Thursday, August 20, 2015

Joy




I have a problem with joy. How stupid is that! But it's true. It's not that I don't feel joy. I definitely do but I am so hesitant to express it. Why is that? When someone asks me how I'm doing, I usually respond, "Oh, pretty well," with a slight shrug of my shoulders and a rolling of my eyes. The unspoken implication is, "You know, I'm doing O.K. under the circumstances. I can't be expected to be great, now can I? You know, because..."

I need to get over myself. I think the reason I do this is that I feel like if I express too much joy or admit that I'm really doing well, it will trivialize the loss of my marriage. And that, to me, feels a bit like a betrayal. I can't really get over Paul, can I? I shouldn't get over him, should I?

The Bible has a lot to say about joy. I'm realizing that I can be joyful, and admit it, and still mourn my losses. When I keep my joy to myself I rob God of the glory He deserves. He has been so gracious to me! He took me through a very difficult experience and almost 6 years later I am doing well. I'm fine. I'm good. I'm even sometimes great!

My perspective has been twisted. I somehow got the idea that joy cannot co-exist with sadness. But I was wrong. I lost a husband. There is certainly nothing unique about that. Job lost his entire family but he was still able to rejoice because he knew his Creator. I truly believe that God is sovereign and that He is good. I may never understand the reasons why my marriage broke up but I can accept that God allowed it and I can embrace the path He has placed me on. And I can rejoice in all the blessings that are mine as a child of God. That sounds so holy but it is true. I can also rejoice in less spiritual things. It is no sin for me to dance with joy with a grandchild or celebrate with the anticipation of another one. Grandchildren aren't technically a "spiritual" blessing - like salvation, forgiveness, prayer, etc. but they sure bring me a lot of joy! I think I've been willing to testify to God's "spiritual" blessings but I withhold expressing joy over more earthly pleasures because I got it into my head that I should continue to suffer. Bizarre!

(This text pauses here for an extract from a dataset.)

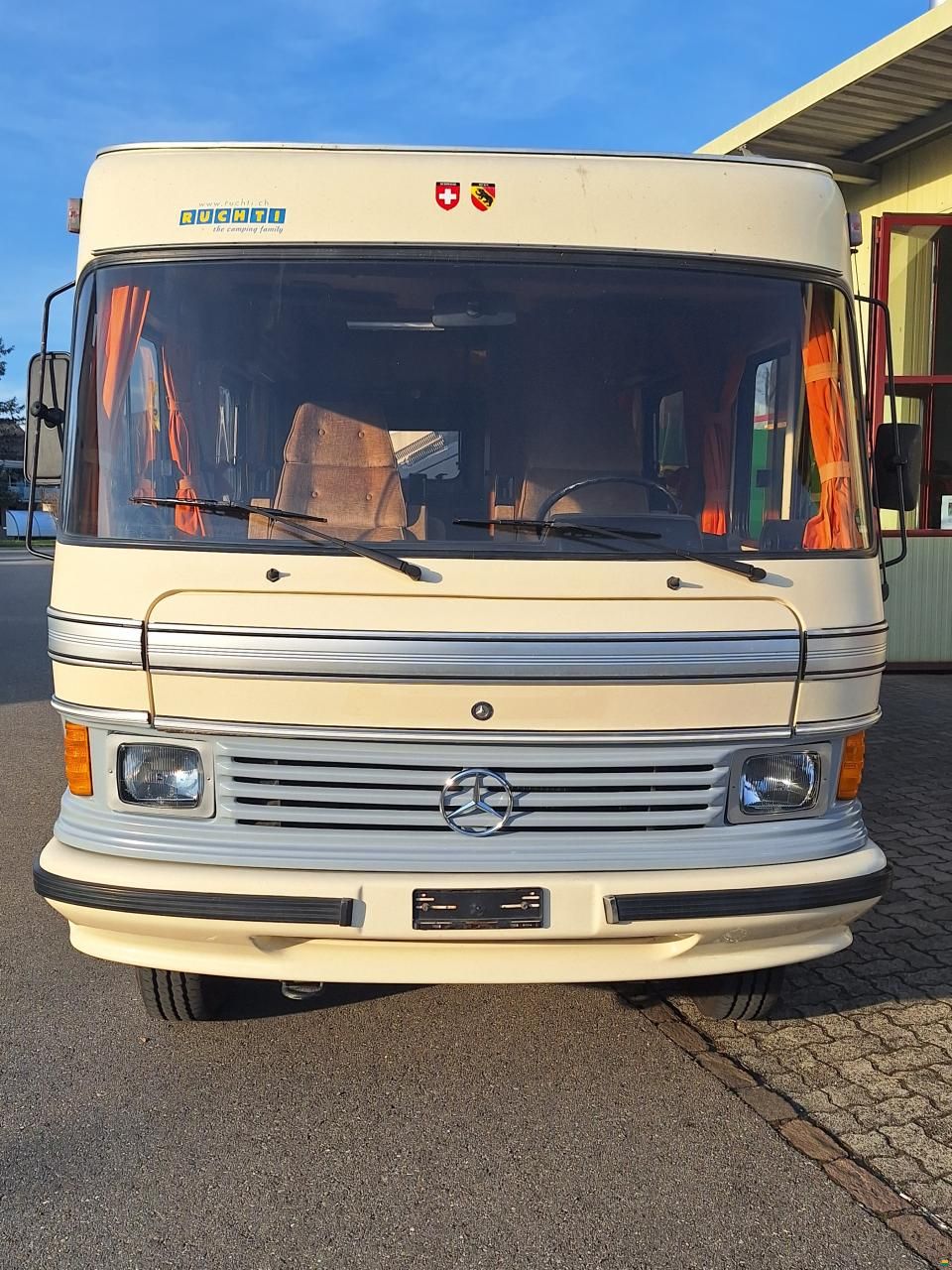 Hymer Hymermobil 544 / Mercedes-Benz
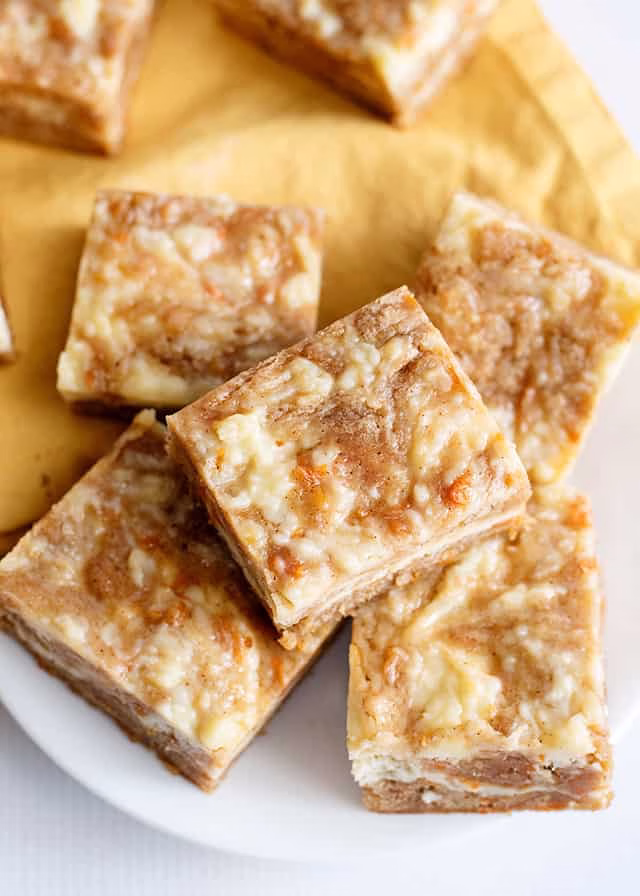 Carrot Cake Bars Recipe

I will never, ever, get over (at least not completely) the catastrophe that was my marriage. But... I have an 89 year father who is a man of integrity, I have four fabulous daughters, and I have nine (almost 10) grandchildren, I have girlfriends, I have a home, a job, fairly decent health, I have ideas, I have time... the list is endless.

I spent a lot of time praying today that God would hold back the fires and prevent them from consuming Hume Lake Christian Camp. I was so struck by comments that a friend, Scott Saunders, made. He said,

"From its inception up until yesterday, the official report is that the Rough Fire is at 0% containment. Presently it is at 3% containment.
That statement is false.
The truth is that this fire is 100% contained.
It is 100% contained in the palm of the Almighty Creator. The one true God. The Lord Jesus Christ. The Maker of fire, the forests, the lightening, and the sustainer of the very ministry of Hume Lake Christian Camps.
Yet we gauge it by how much mere man can contain or control it.
As I try to sleep tonight wondering what news of the fate of our homes and community will be tomorrow, God is reminding me that He is the one true Incident Commander and to have peace. That peace should not come from the outcome all of us are fervently praying for but because He is God, His Will will be done, and He has a plan."

Someone else, talking about the fire, said that all that was left to do was wait for the inevitable onslaught and be ready to defend the camp. These comments are so applicable to all of life. My life is totally under my good God's control. My life, my joy, my successes, are measured by His ruler, not man's. He has sustained me and will continue to do so. The onslaught will come. We all suffer trials. But that does not change who is in charge nor should it change how we live our lives. He is the same God whether I'm married or single, and my joy (and peace and trust) does not depend on my circumstances but depends solely on the God who holds all things in His hands. 

"Lord, let me go through my days giving praise to You for all that You are and for all that You have done for me. Forgive me for being afraid to express joy for fear that someone will misunderstand and think that I am glad I am no longer married. My understanding of You is so limited. Bless me with Your wisdom and humility. Amen!"